As part of our services we regularly attend Board Meetings to offer insights into the profitability of businesses and help Directors & Owners understand how they can improve the performance of their Business and ultimately profitability. One area we spend time discussing is Gross Profit and the true value of a sale to a business.

 

What is Gross Profit?

Simply put gross profit is the excess money  from a sale left over after paying for the costs of delivery:

Sales – Cost of Goods = Gross Profit

Cost of goods are things you directly buy to deliver your sale rather than overheads, which are things you pay for to run your business such as: rent or computer software subscriptions.  Supposing you are a clothing manufacturer your cost of goods would be things such as material, designers or import duty however overheads would be office rent, accountants fees or telephone lines.

 

What is Gross Profit Margin?

Gross profit margin is a key performance indicator, generally expressed as a percentage and is calculated:

Gross Profit Margin = Gross Profit/Sales x 100

Gross Profit Margin is a useful indicator and often used by investors to measure the profitability of not just the company, but also how that Company is performing in comparison to its competitors.  Find out the industry standard for your business and compare how your business stacks up against the expected level.

 

Why is Gross Profit Important?

Making a sale is great but how do you know whether the sale was worthwhile to your business?  We have seen scenarios where sales have been closed however once you deduct the costs of delivering the job, the true profit can be so low the sale may not actually bring much benefit to the business.

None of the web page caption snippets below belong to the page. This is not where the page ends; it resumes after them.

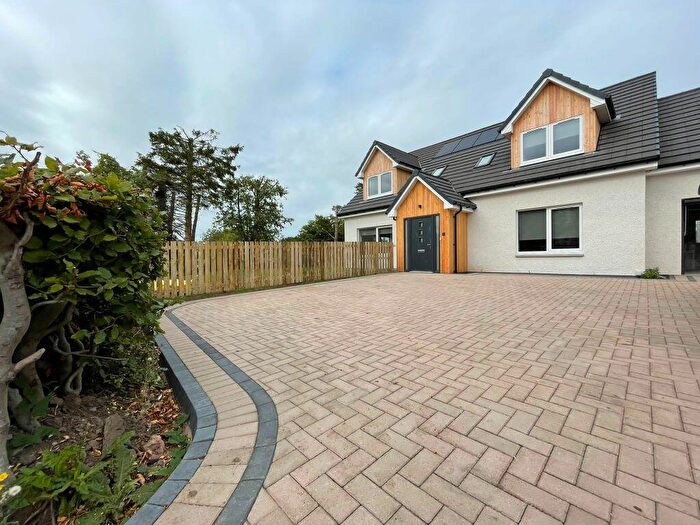 5 Bedroom Detached House For Sale In Hawthorn Gardens, Loanhead, EH20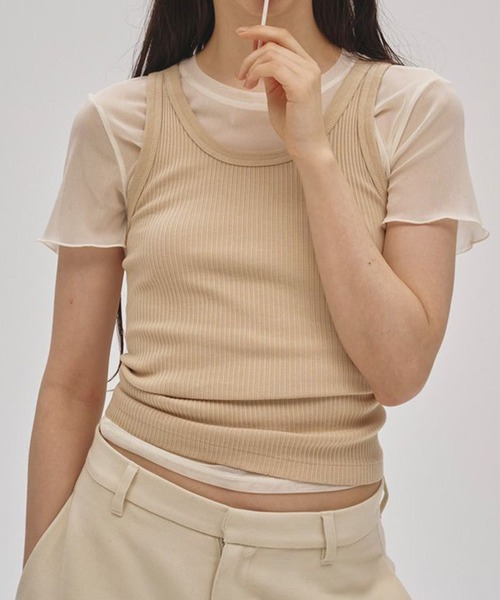 TODAYFUL（トゥデイフル）の「[TODAYFUL/トゥデイフル]Useful Seamless Rib Tanktop（タンクトップ・レディース・ライトベージュ/レッド・FREE）」の2枚目の写真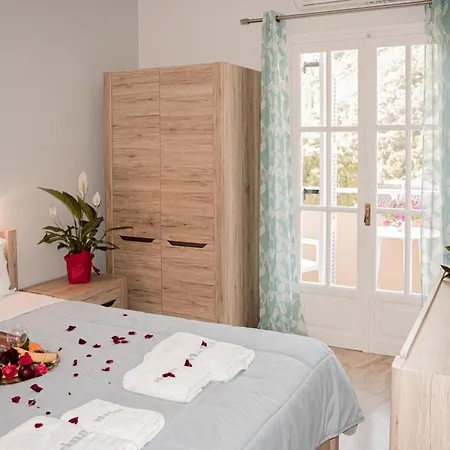 アパートホテル Marina Apartments, Agios Gordios Corfu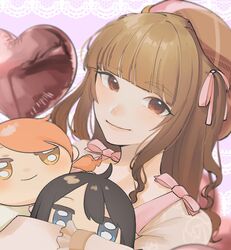  alternate_hairstyle balloon beret bishi_a_(b_a1210) blunt_bangs brown_hair character_doll female hat heart_balloon highres hojo_karen hugging_doll hugging_object idolmaster idolmaster_cinderella_girls kamiya_nao looking_at_viewer patterned_background shibuya_rin smile thick_eyebrows upper_body wavy_hair 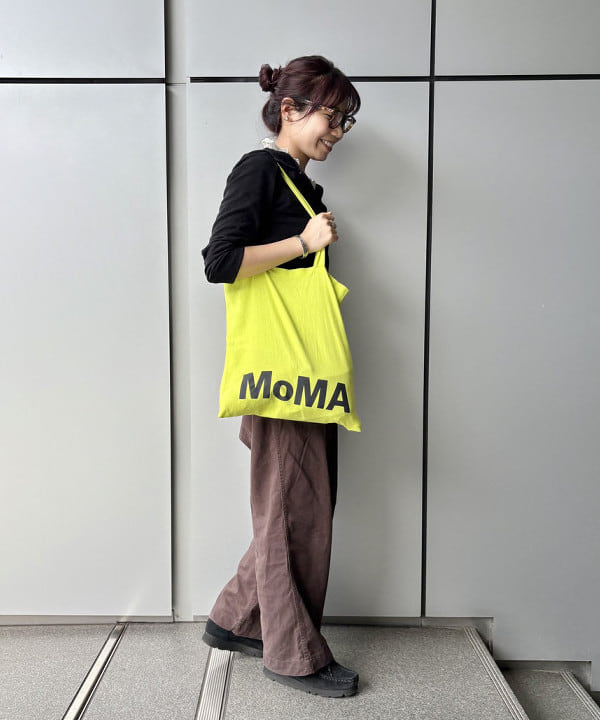 SHINAGAWAさんの「BEAMS WOMEN｜ワイド チノ パンツ」を使ったコーディネート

Here are some examples of the outcomes of our investigations into gross margin with some of our clients:

  • Sales prices are too low;
  • Sales price needs to be increased in line with production cost increases;
  • Identified customers that had not been billed;
  • Finding cheaper suppliers;
  • Production costs have not been checked and supplier invoices have been paid in error or multiple times;
  • Prompted price renegotiations with suppliers;
  • Requested for bulk discounts from suppliers;
  • Centralisation of purchasing;
  • A business is simple not as profitable as first thought.

Analysing out gross profit is a major part of understanding your business and its true profitability.  Raising sales prices or saving money on costs can improve business performance and translates into more bottom line profits so analysing your gross profit can be a worthwhile excercise.

Of course, delivering a job at a competitive price may make sense because it is an in road to an ongoing customer or gives the opportunity for upselling so it is worth taking a commercial view as well as a financial view when you do analyse your businesses gross profit.